Output all of the records word for word and drop the images.

═════ Task material ═════

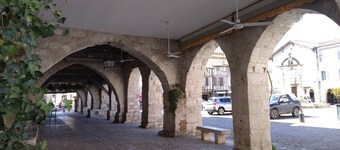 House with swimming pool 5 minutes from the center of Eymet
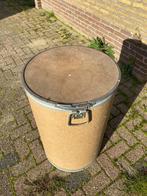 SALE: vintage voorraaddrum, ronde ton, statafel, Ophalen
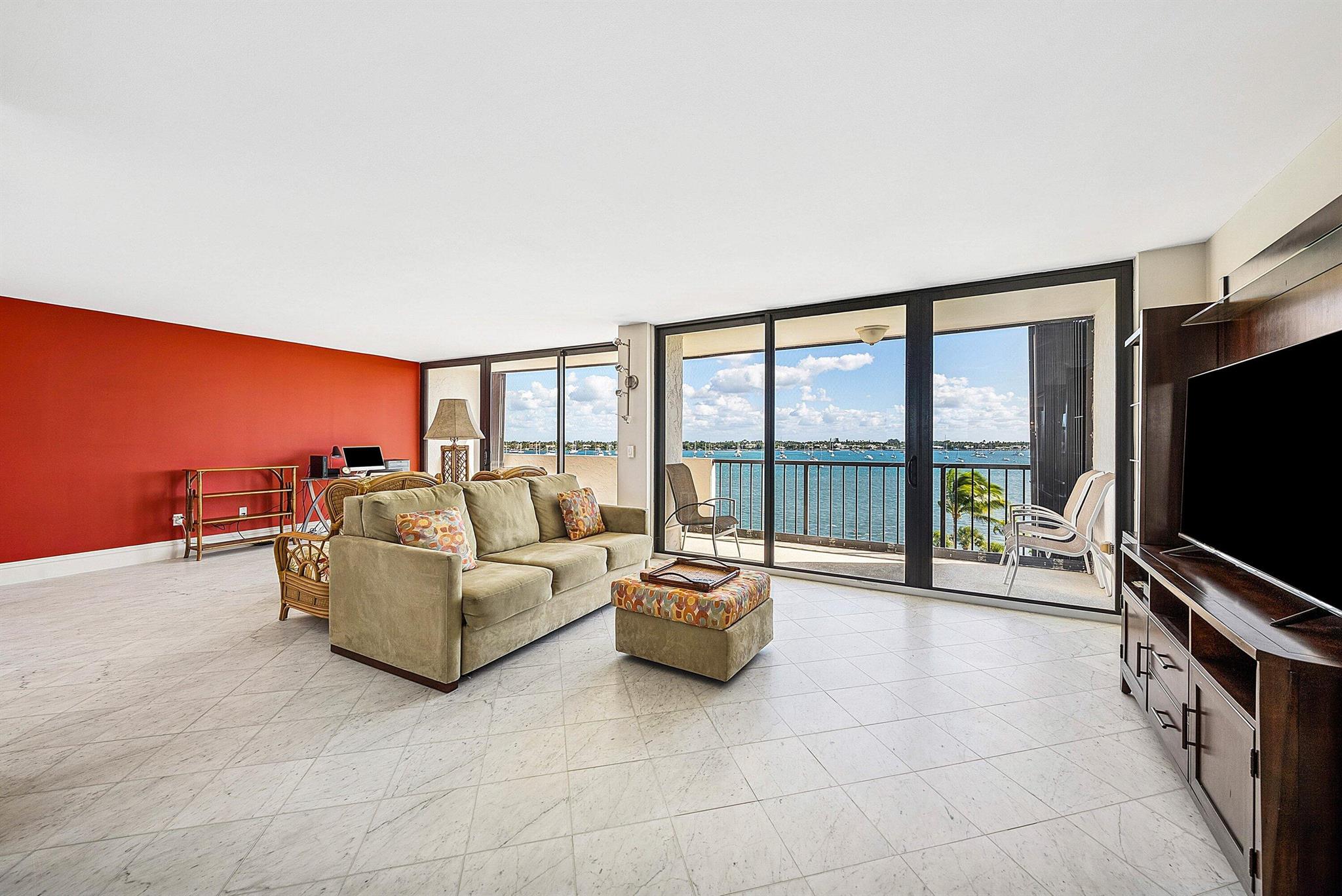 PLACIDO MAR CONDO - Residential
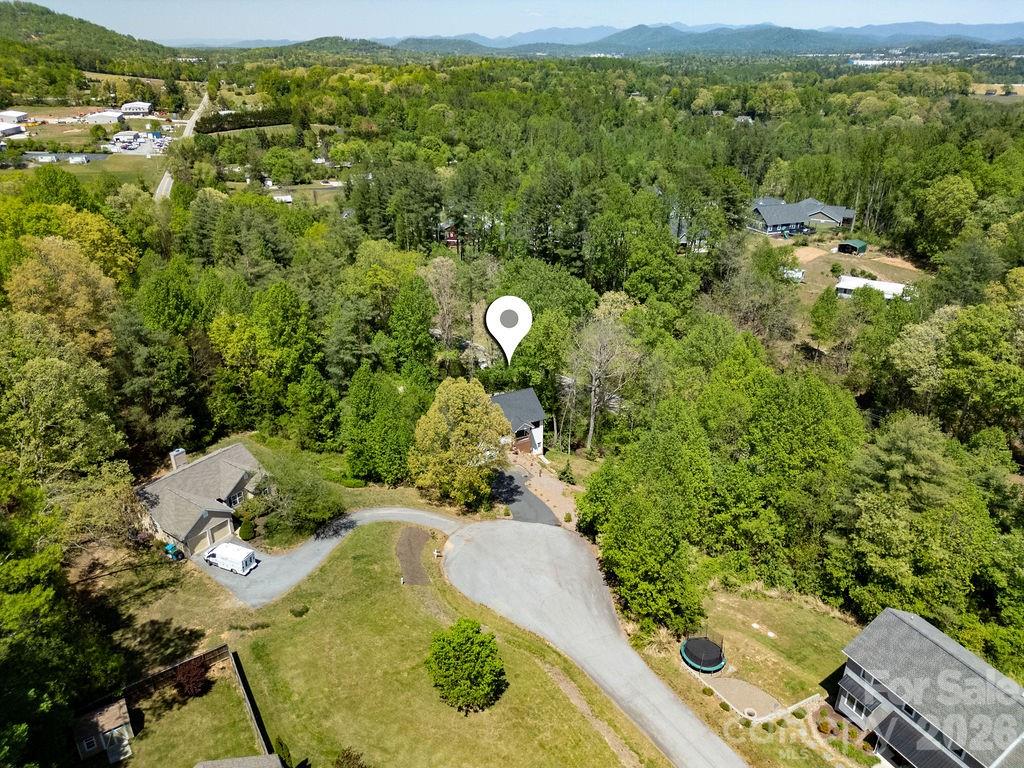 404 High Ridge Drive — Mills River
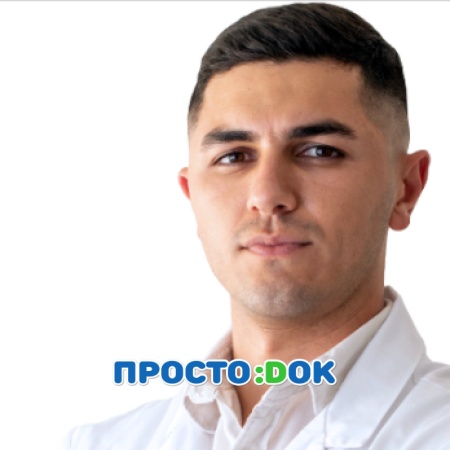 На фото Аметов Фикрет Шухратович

═════

§ **Answer below**:
 House with swimming pool 5 minutes from the center of Eymet
 SALE: vintage voorraaddrum, ronde ton, statafel, Ophalen
 PLACIDO MAR CONDO - Residential
 404 High Ridge Drive — Mills River
 На фото Аметов Фикрет Шухратович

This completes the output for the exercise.